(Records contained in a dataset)

——

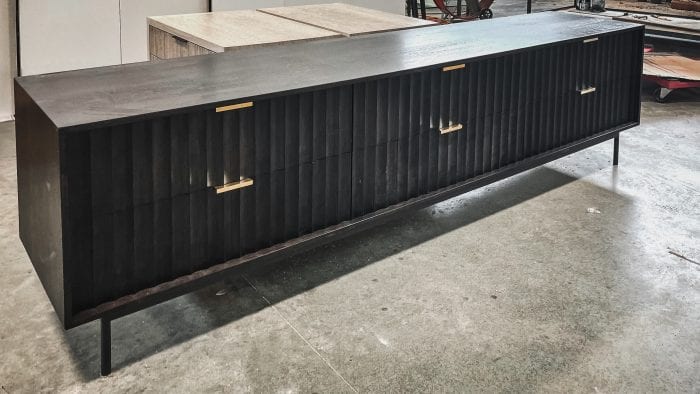 Blackened Walnut Fluted Credenza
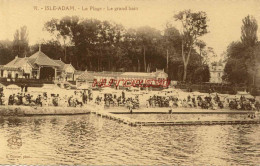 CPA L'ISLE ADAM - LA PLAGE - LE GRAND BAIN - L'Isle Adam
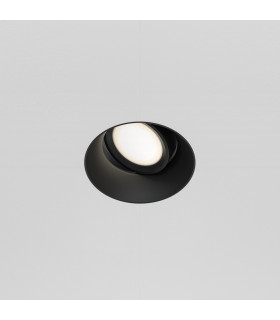 Dot Round Trimless Recessed Downlight Black 1xGU10-1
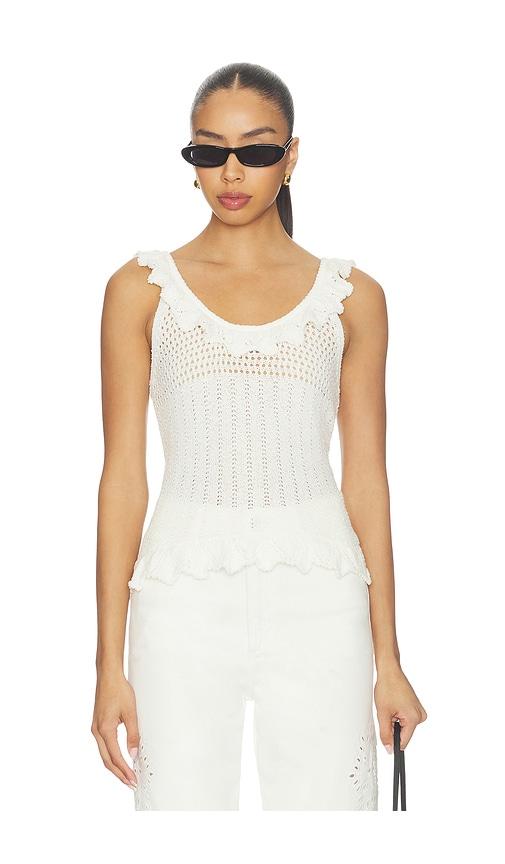 john & jenn by line cody top in white.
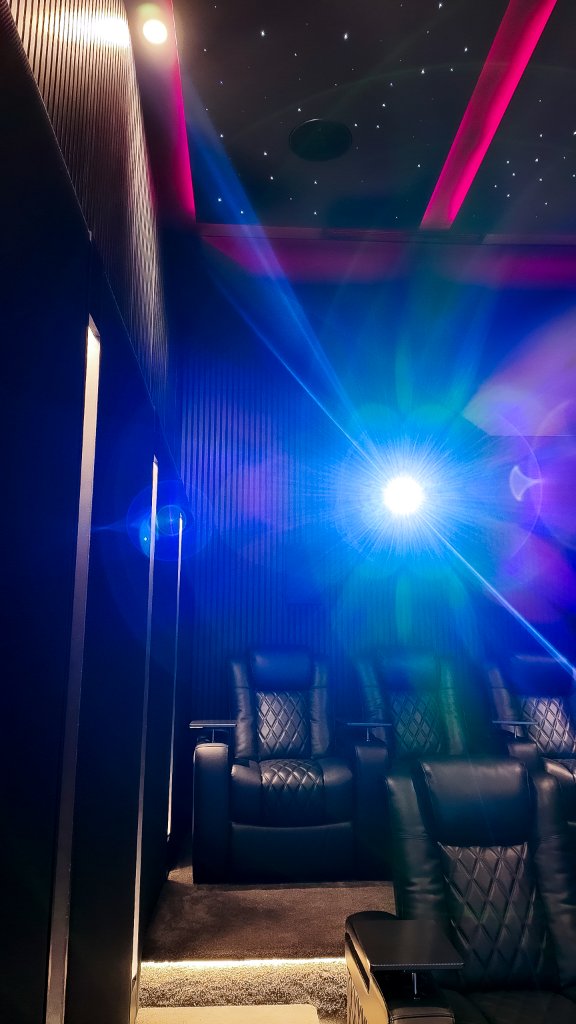 Room with screen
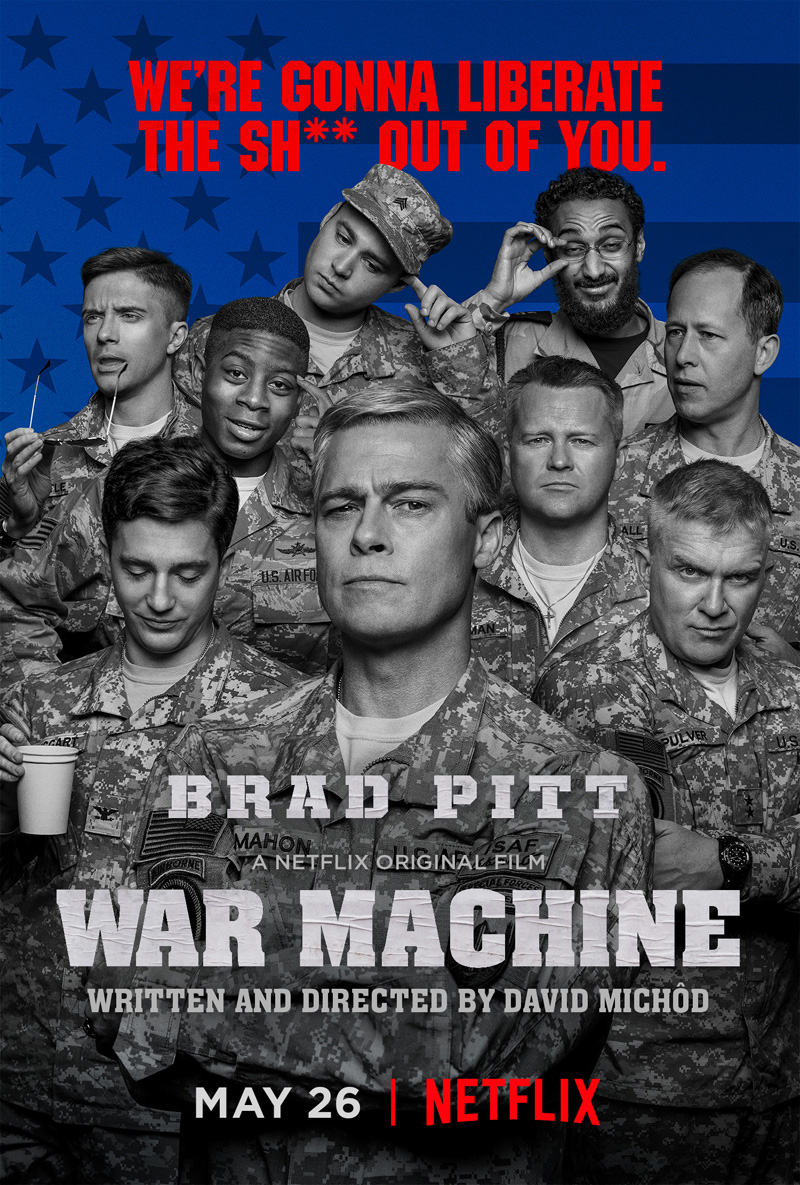 Brad Pitt in nieuwe War Machine trailer en poster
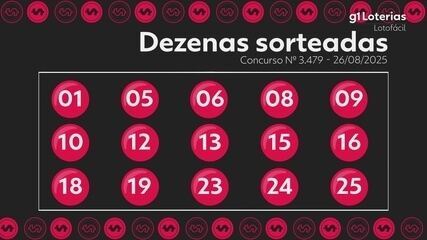 Confira o resultado do sorteio da Lotofácil.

——

**Directions for this task:**
Write out the records above once more, word for word, with no pictures.

**Answer space:**
 Blackened Walnut Fluted Credenza
 CPA L'ISLE ADAM - LA PLAGE - LE GRAND BAIN - L'Isle Adam
 Dot Round Trimless Recessed Downlight Black 1xGU10-1
 john & jenn by line cody top in white.
 Room with screen
 Brad Pitt in nieuwe War Machine trailer en poster
 Confira o resultado do sorteio da Lotofácil.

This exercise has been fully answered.